Dataset section:

^^^^^^^^^^^^^^^^

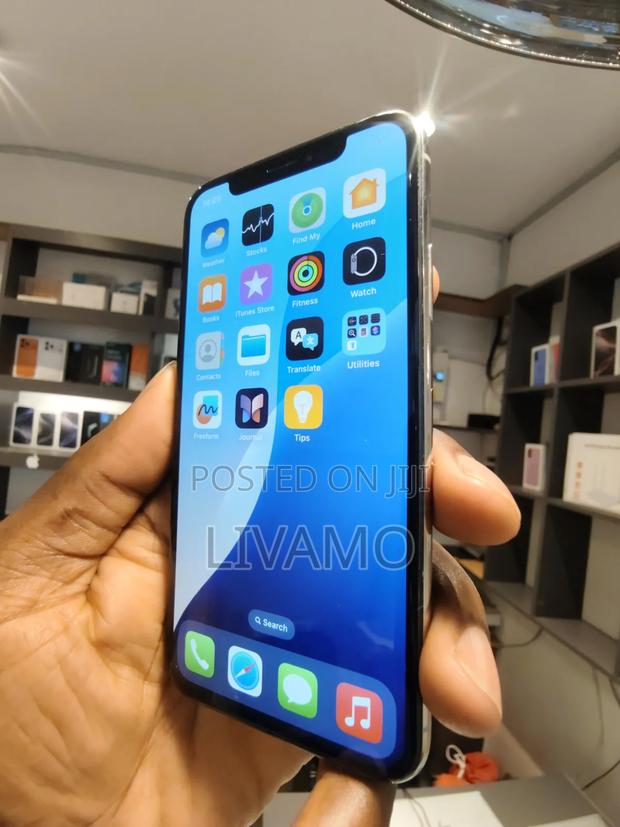 Apple iPhone XS 64 GB Black - thumbnail 6
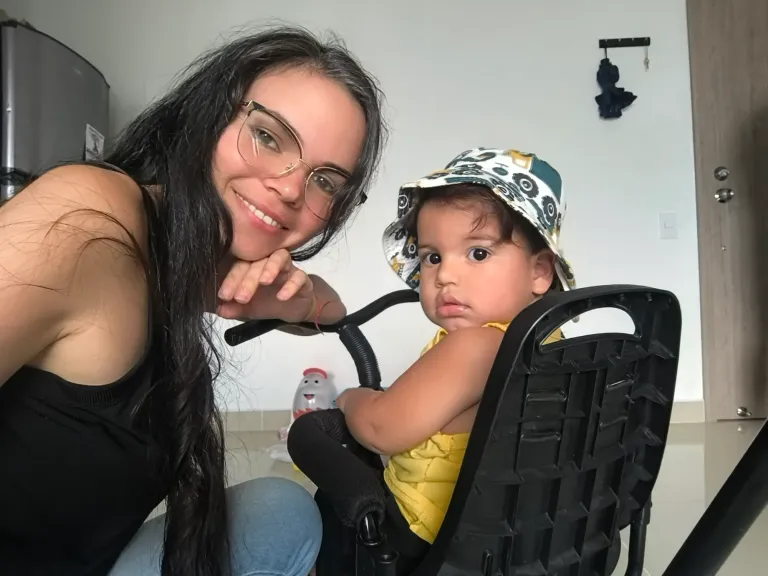 gsrxpGzunRbUu9D7_1000041622.webp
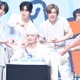 TOMORROW X TOGETHER、来日プレミアムライブ開催 HUENINGKAIはサプライズ誕生日祝福に驚き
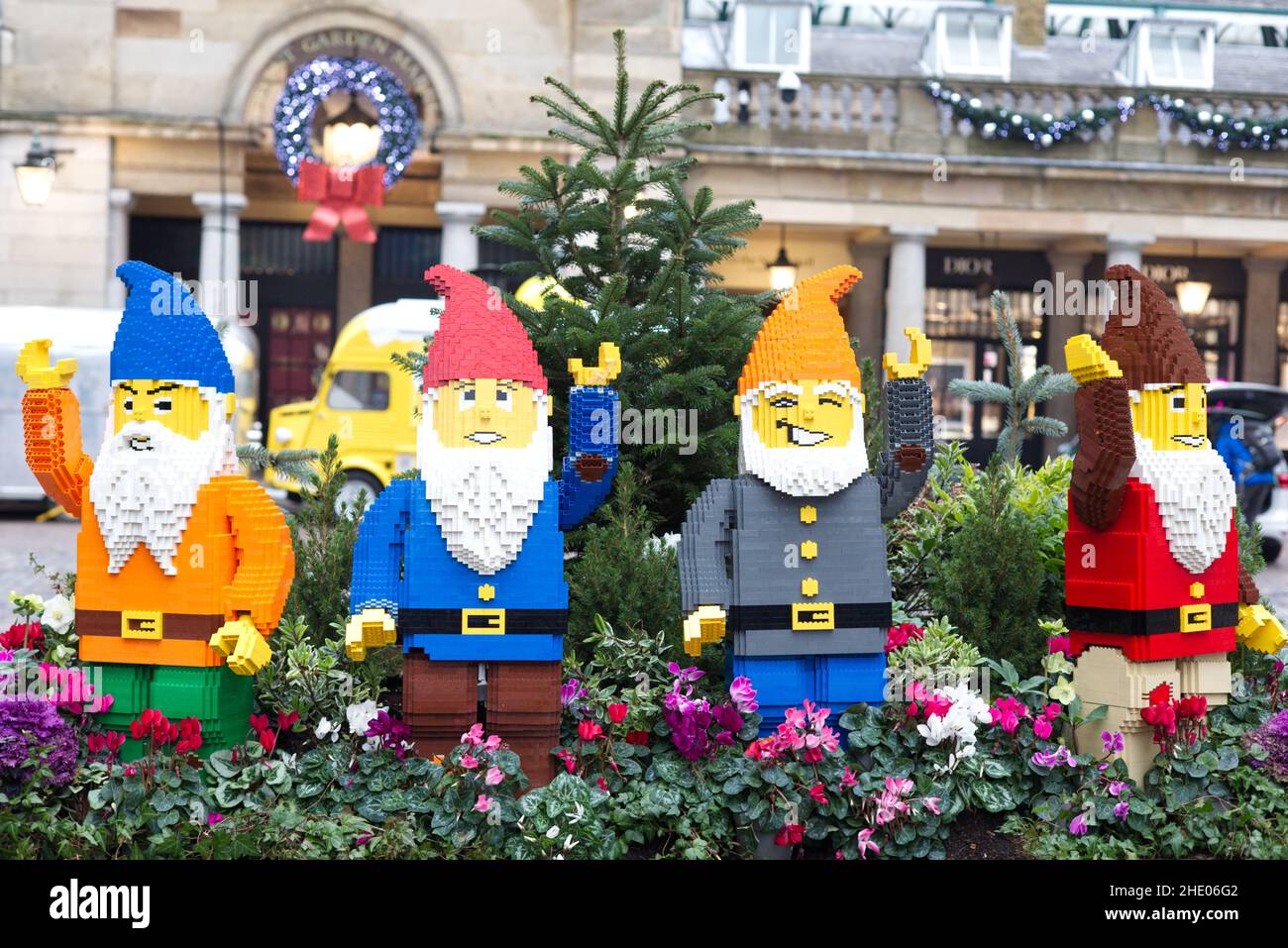 Lego christmas tree hi-res stock photography and images - Alamy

^^^^^^^^^^^^^^^^

Directions: Once the line containing "gsrxpGzunRbUu9D7_1000041622.webp" has been found, write out exactly that line and each one after it through the end of the data, leaving out every picture.

Exercise output:
 gsrxpGzunRbUu9D7_1000041622.webp
 TOMORROW X TOGETHER、来日プレミアムライブ開催 HUENINGKAIはサプライズ誕生日祝福に驚き
 Lego christmas tree hi-res stock photography and images - Alamy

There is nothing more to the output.